My research focuses on how human listeners learn and understand spoken language. Specifically, I am interested in how listeners learn the sounds and words of their languages, and how they store and access them when needed for language use.
With respect to the processes involved in spoken language comprehension, an important question is how listeners handle the great amount of variation in the speech signal. The sources of variation are multifaceted and reach from contextual sources, such as phonological variation, to speaker-related sources such as gender or dialect. How does the speech system deal with this variation and when does it help or hinder comprehension are some of the main questions I address in this line of research. Lately, I have taken a particular interest in variation in the speech signal that is due to foreign accents.

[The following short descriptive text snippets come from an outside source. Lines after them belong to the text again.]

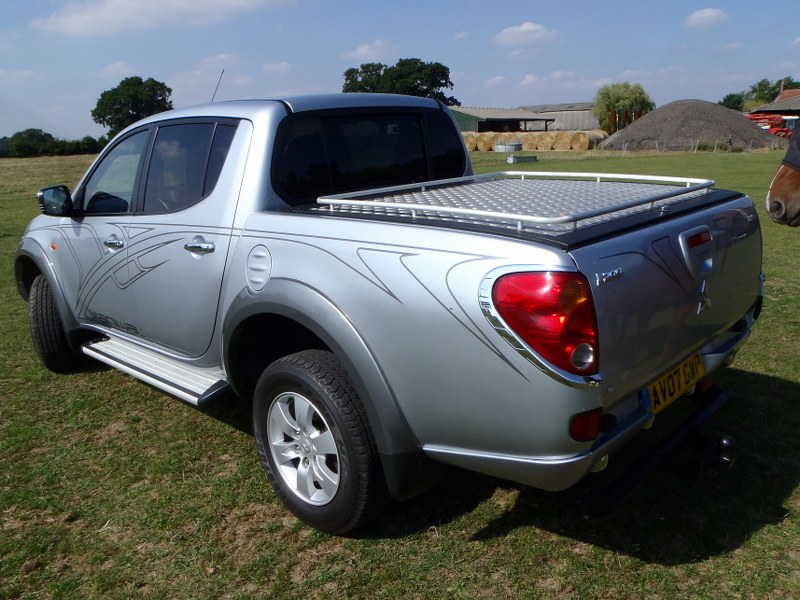 Mitsubishi L200 Animal 4x4 pickup for sale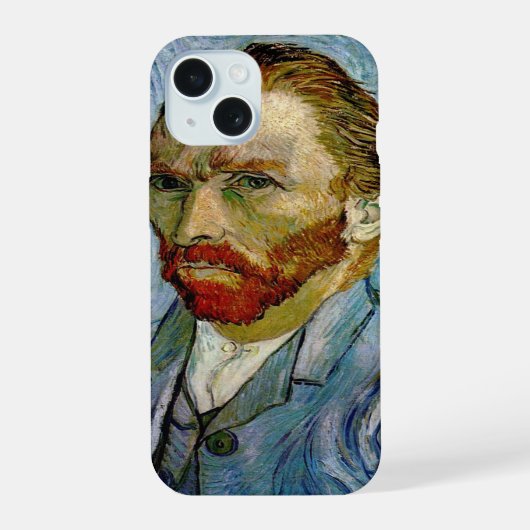 Van Gogh Autoportrait (Verso)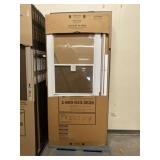 EMCOï¿½ 34" White Storm Door w/ Hardware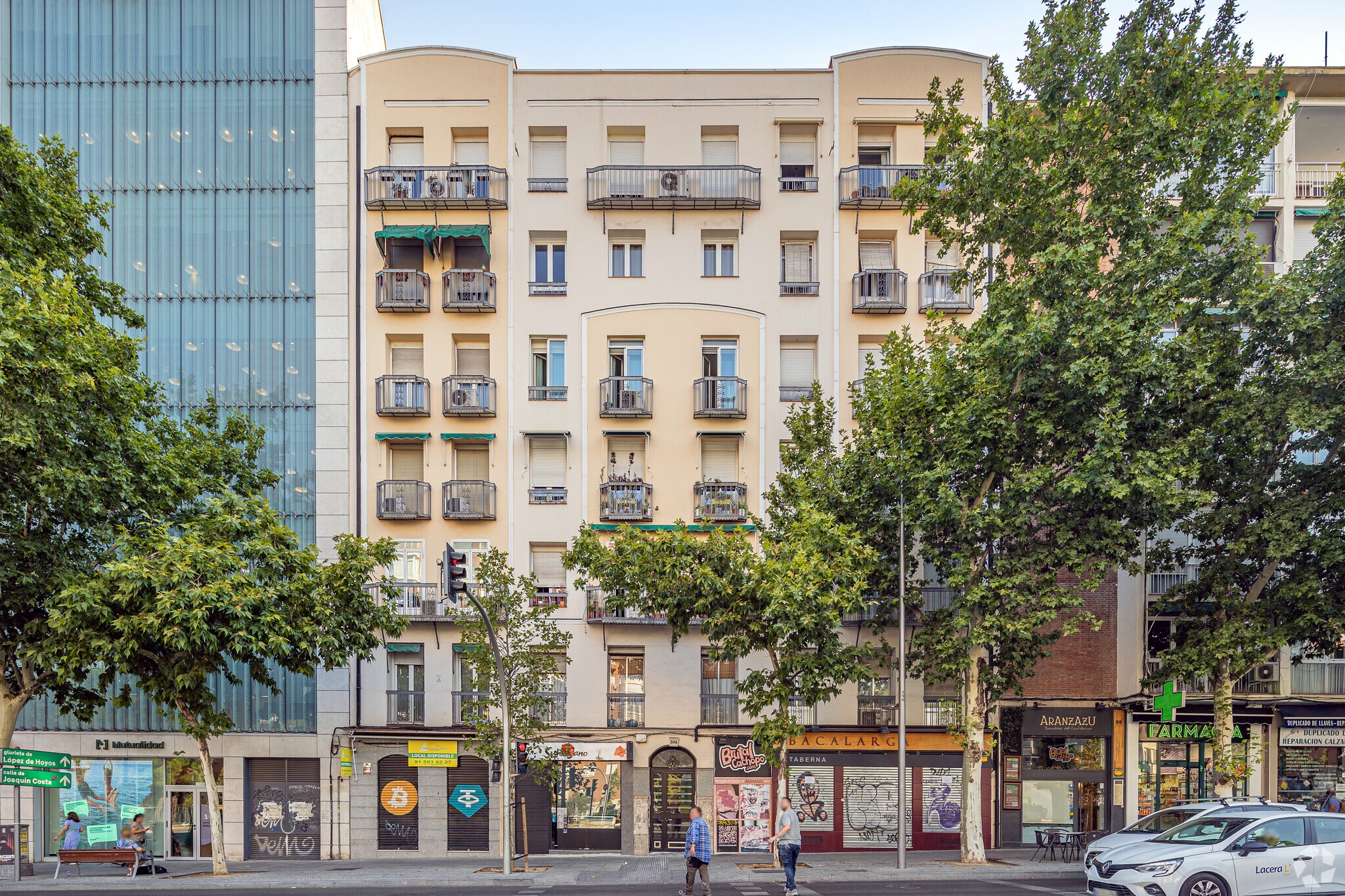 Calle de Francisco Silvela, 104, Madrid, Madrid en alquiler Foto principal- Imagen 1 de 4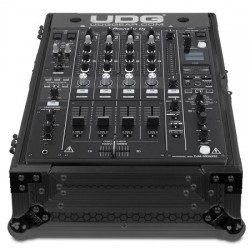 UDG Ultimate Flight Case Multi Format CDJ/MIXER Black MK3 UDG Ultimate Flight Case Multi Format CDJ/MIXER Black MK3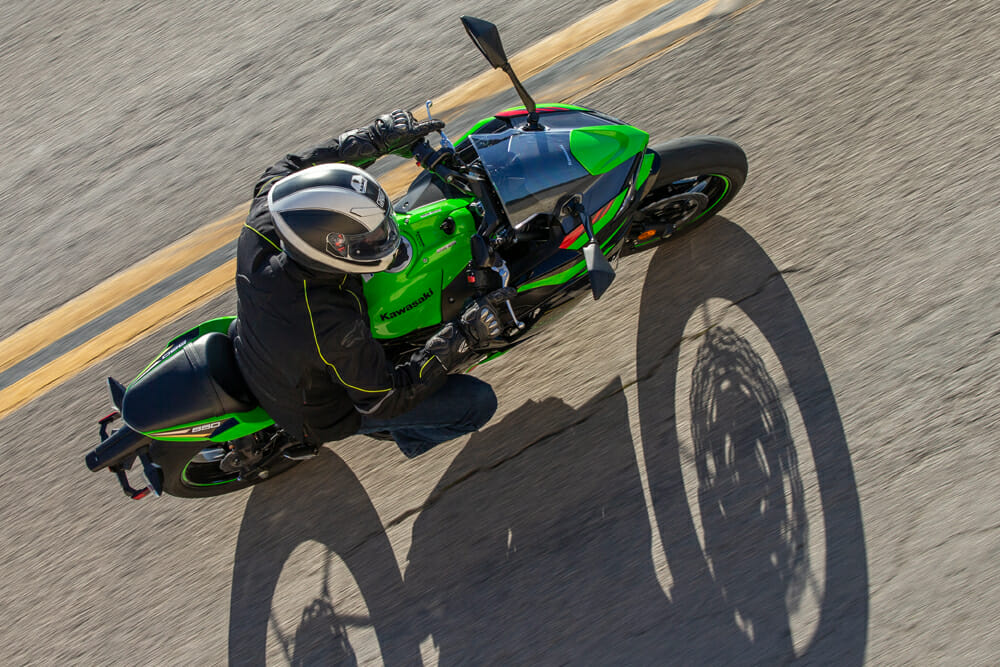 2020 Kawasaki Ninja 650 Review - Cycle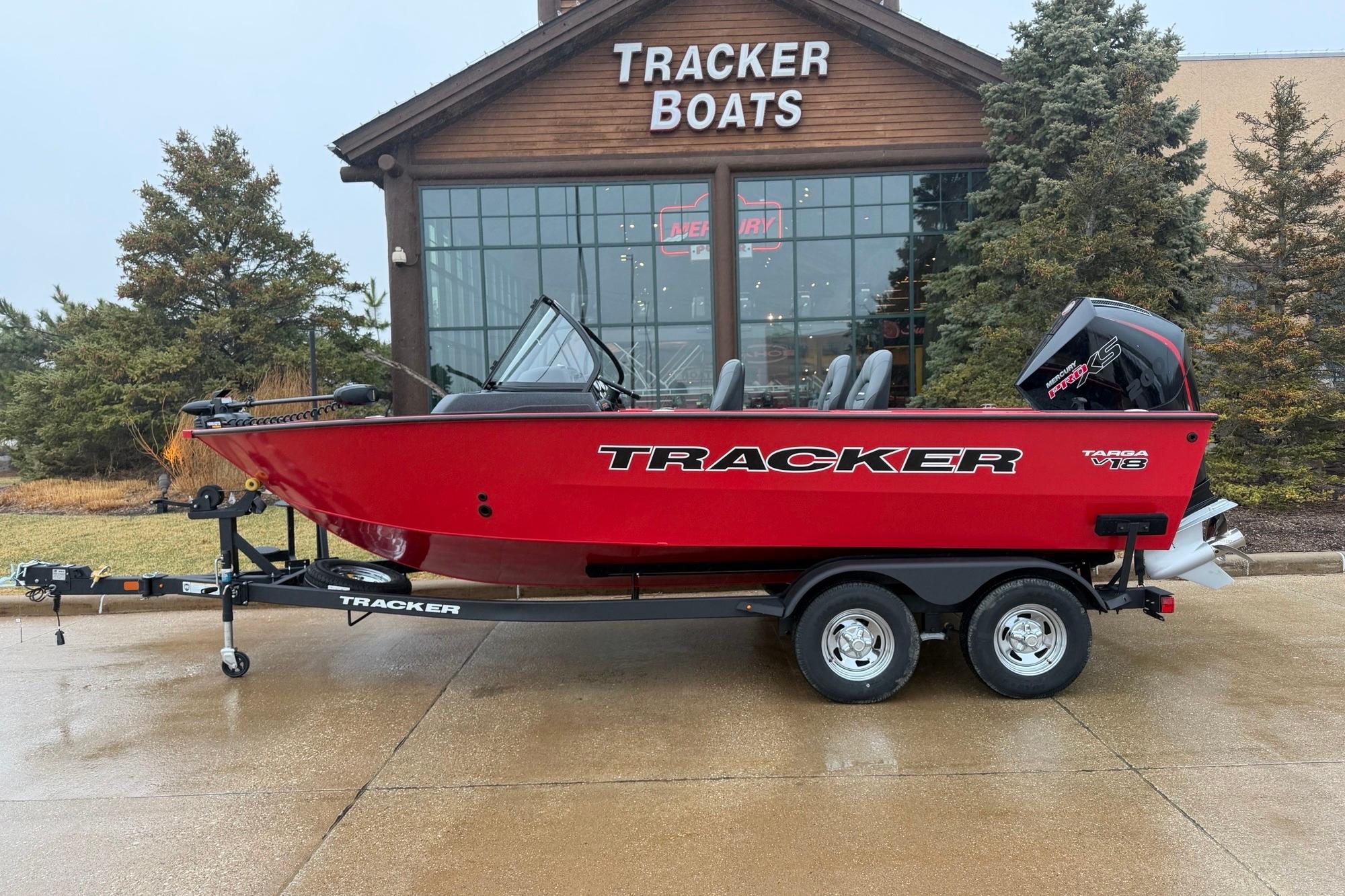 Image of 2026 TRACKER TARGA V-18 WT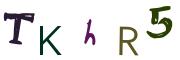 Kép CAPTCHA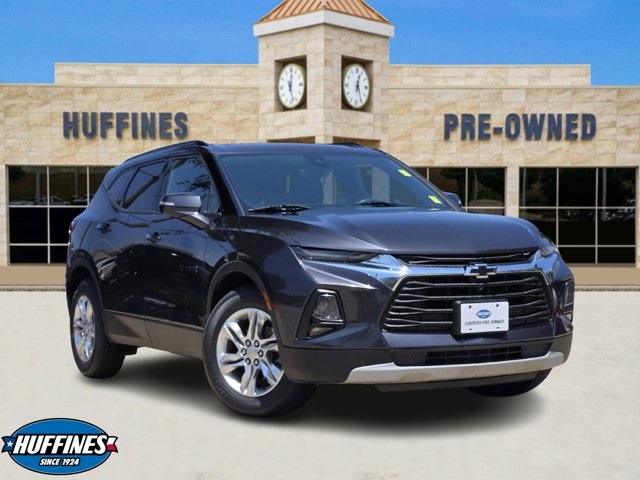 2022 Chevrolet Blazer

This interest includes research on how expectations and emotions influence the comprehension of spoken language.
My research on phonological and lexical development typically focuses on adult second language (L2) learners. Recognizing sounds and words in one’s native language (L1) is usually effortless, but the same task can be much more demanding when listening to a second language. Main issues in my L2 research concern the involvement of the L1 and L2 lexica and the influence of the phonological structure of the learners’ L1. I am both interested in short-term adaptation and long-term learning of sounds and words. For short-term adaptation, I am particularly interested in the boundaries and stability of adaptation. For long-term learning, I am interested in how newly learned rules for variation or newly learned words are transferred to long-term memory.
Besides my interest in the phonological and lexical levels, I am also interested in processing of spoken language on the sentence level. Recent projects include L1 and L2 listeners’ comprehension of figurative language and the perception of uptalk, i.e., rising intonation contours in statements.
I am a psycholinguist who combines insights from linguistics, cognitive psychology, speech science, and neuroscience. In addition, I evaluate these insights for their significance for second language teaching.